Bases: sage.crypto.lwe.LWE

LWE oracle with parameters as in [Reg09].

__init__(n, secret_dist='uniform', m=None)

Construct LWE instance parameterised by security parameter n where the modulus q and the stddev of the noise are chosen as in [Reg09].

INPUT:

  • n - security parameter (integer > 0)

  • secret_dist - distribution of the secret.
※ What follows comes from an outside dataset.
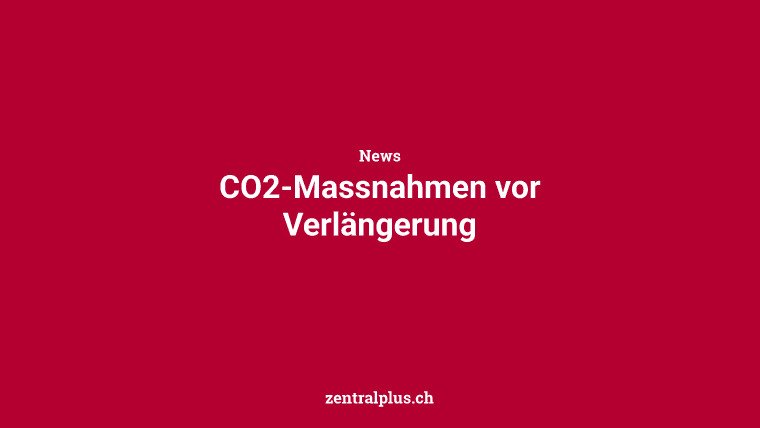 CO2-Massnahmen vor Verlängerung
See documentation of LWE for details (default=’uniform’)

  • m - number of allowed samples or None if no such limit exists (default: None)

EXAMPLES:

sage: from sage.crypto.lwe import Regev
sage: Regev(n=20)
LWE(20, 401, Discrete Gaussian sampler over the Integers with sigma = 1.915069 and c = 401, 'uniform', None)
class sage.crypto.lwe.RingLWE(N, q, D, poly=None, secret_dist='uniform', m=None)

Bases: sage.structure.sage_object.SageObject

Ring Learning with Errors oracle.

__init__(N, q, D, poly=None, secret_dist='uniform', m=None)

Construct a Ring-LWE oracle in dimension n=phi(N) over a ring of order q with noise distribution D.

INPUT:

  • N - index of cyclotomic polynomial (integer > 0, must be power of 2)

  • q - modulus typically > N (integer > 0)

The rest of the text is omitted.